On Wed, Feb 7, 2018 at 4:29 AM, Mark Brown broonie@kernel.org wrote:
I'm frankly a little bit confused about what went wrong here, usually git does manage to elide empty merges - for example, if I ask git to merge four branches two of which are already merged:
Yes, so git does elide truly trivial merges, but the git triviality test is actually not "have all the commits been merged elsewhere", but "are all the branches completely just subsets in history of each other".
So a single extra merge commit that exists in one branch but not the others will defeat that, and then you get a merge of a merge etc. That's something we saw early on, when people would do daily back-merges - even if there was no extra work in the development branch, the previous back-merge *itself* would mean that the merge wouldn't fast-forward to the upstream code, but would just do another merge, because upstream wasn't a full superset of the development branch due to the previous back-merge that wasn't upstream.

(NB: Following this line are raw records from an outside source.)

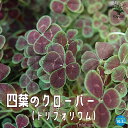 【送料無料】四葉のクローバー(トリフォリウム) 【花苗 多肉植物・グランドカバー苗3.5号鉢】オランダゲンゲ 四つ葉 Trifolium 園芸品種 カラーリーフ グランドカバー PVP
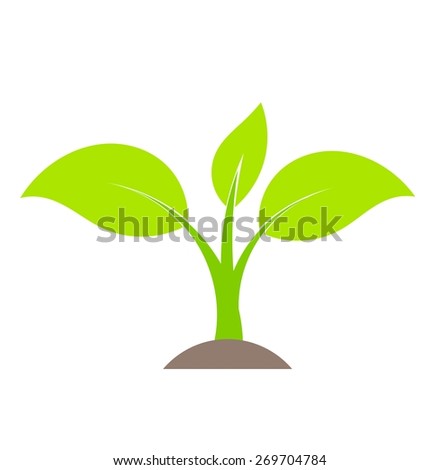 Spring plant growing from soil. Vector illustration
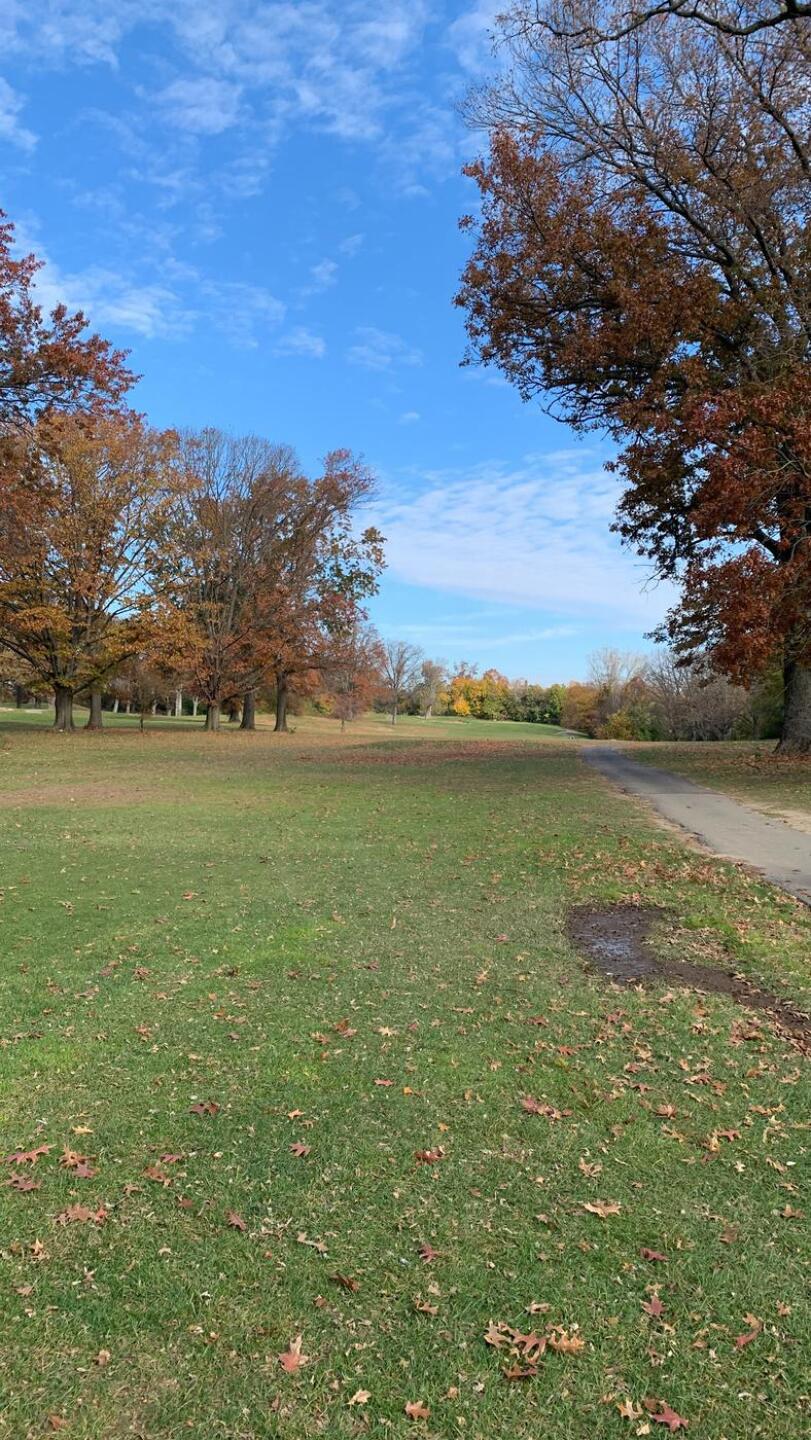 (Photo submitted by u1681786771 on 11/21/2021)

But in this case, the issue doesn't seem to be a previous back-merge, but simply that the commits ion question had been merged up-stream - but they weren't in your development branch, so when your development branch does a merge, to *that* branch it looks like new commits, even if it isn't anythign new or interesting to *me*, because I got those commits from Takashi's pull two weeks ago.
This new pull request looks better, I'll look at it next.